◆ **WORK REQUIRED**: Copy the data exactly. Images are to be left out.

◆ **DATA PROVIDED**:
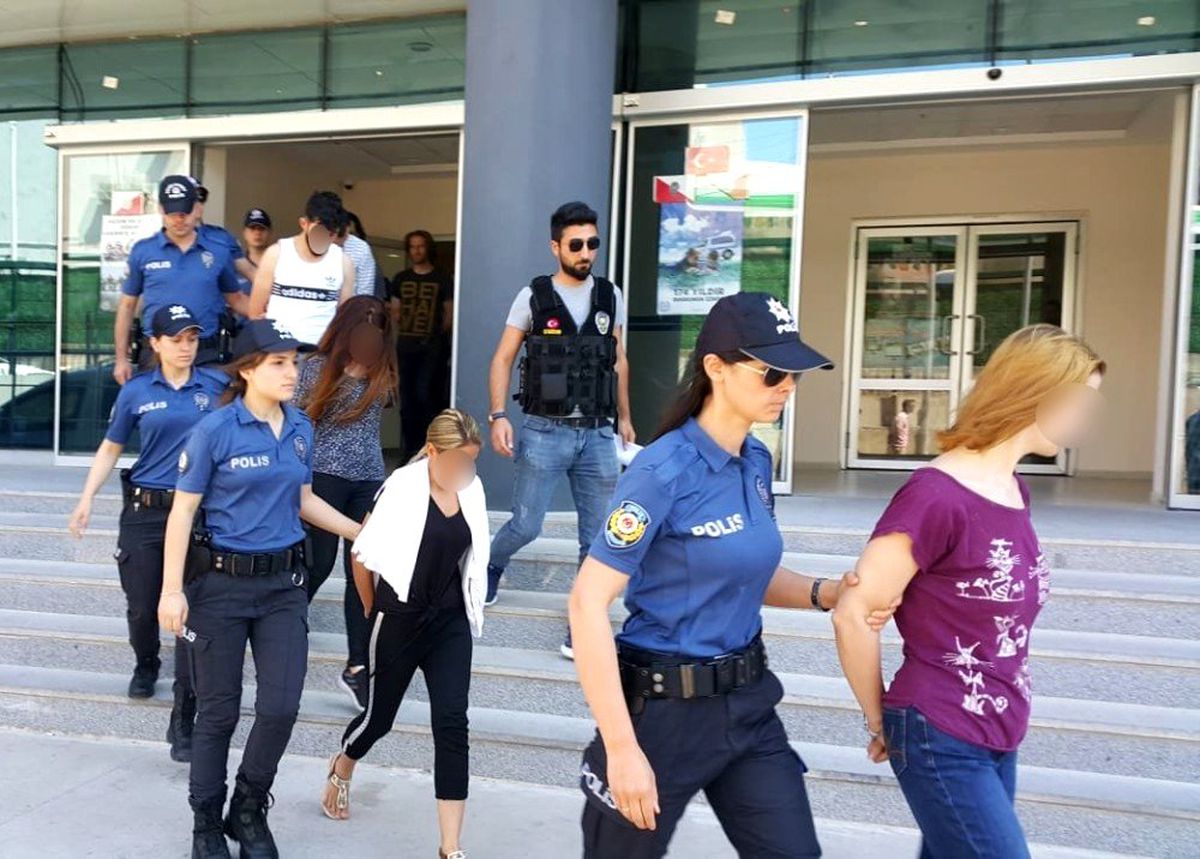 Bursa\'da narkotik operasyonu: 9 gözaltı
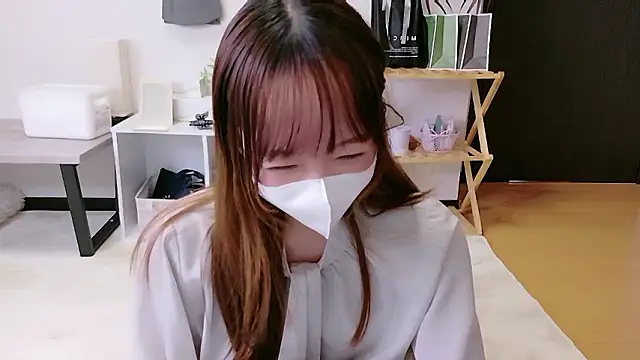 Snapshot of saku_sakura_ chatting on October 26, 2025, 6:52 am saku sakura online show from October 26, 2025, 6:52 am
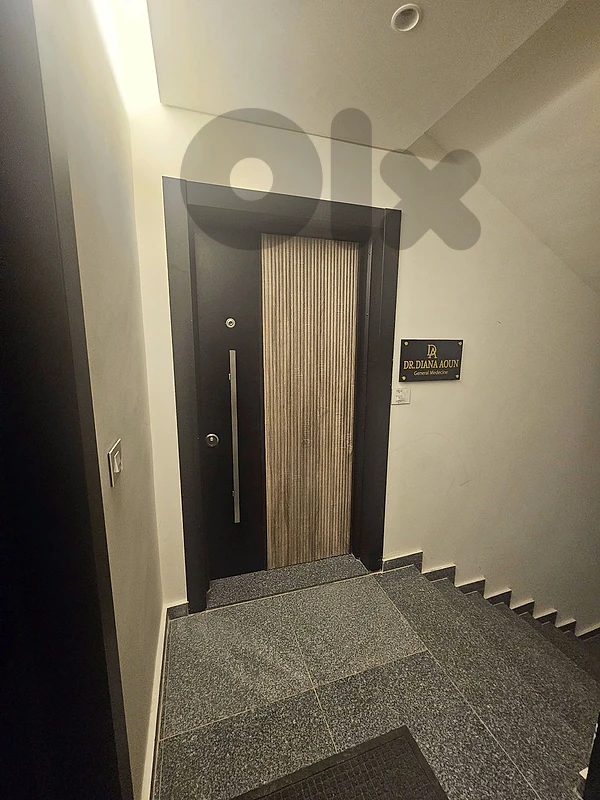 RWK161RH - Office for rent in adonis in a prime location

◆ **TASK OUTPUT**:
 Bursa\'da narkotik operasyonu: 9 gözaltı
 Snapshot of saku_sakura_ chatting on October 26, 2025, 6:52 am saku sakura online show from October 26, 2025, 6:52 am
 RWK161RH - Office for rent in adonis in a prime location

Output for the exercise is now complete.